- Assignment
Would you please transcribe the records below from the line with "Jamesburg Condo: 37 Hooker St" through their final line, exactly and with no other lines?

- Data shown
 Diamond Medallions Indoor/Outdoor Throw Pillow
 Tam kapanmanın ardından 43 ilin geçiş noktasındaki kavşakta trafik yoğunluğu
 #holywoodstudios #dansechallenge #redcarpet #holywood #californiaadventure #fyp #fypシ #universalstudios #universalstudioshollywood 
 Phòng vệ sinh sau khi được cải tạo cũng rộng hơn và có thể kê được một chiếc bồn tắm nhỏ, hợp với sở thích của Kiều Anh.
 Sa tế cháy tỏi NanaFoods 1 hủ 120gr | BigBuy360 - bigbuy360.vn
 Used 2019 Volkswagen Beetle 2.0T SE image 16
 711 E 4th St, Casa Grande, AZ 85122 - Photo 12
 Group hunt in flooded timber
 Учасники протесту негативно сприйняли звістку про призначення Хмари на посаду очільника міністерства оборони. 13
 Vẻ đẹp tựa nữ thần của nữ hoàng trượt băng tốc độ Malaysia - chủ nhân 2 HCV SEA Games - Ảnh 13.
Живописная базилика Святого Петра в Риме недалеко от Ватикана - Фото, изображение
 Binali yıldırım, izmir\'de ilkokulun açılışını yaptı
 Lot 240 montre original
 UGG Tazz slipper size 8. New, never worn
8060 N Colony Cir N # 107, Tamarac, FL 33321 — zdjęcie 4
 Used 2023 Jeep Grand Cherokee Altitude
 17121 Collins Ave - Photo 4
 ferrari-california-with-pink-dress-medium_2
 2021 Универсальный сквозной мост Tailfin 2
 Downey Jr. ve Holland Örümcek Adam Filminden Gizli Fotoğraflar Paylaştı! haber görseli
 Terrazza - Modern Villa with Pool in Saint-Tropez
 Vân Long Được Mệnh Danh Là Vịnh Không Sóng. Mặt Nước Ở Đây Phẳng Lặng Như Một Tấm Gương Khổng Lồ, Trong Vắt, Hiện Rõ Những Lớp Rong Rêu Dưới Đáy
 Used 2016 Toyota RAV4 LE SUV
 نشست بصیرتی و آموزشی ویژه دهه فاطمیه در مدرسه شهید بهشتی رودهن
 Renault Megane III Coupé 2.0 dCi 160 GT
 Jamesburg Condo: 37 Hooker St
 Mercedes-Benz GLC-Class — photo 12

- Written reply
 Jamesburg Condo: 37 Hooker St
 Mercedes-Benz GLC-Class — photo 12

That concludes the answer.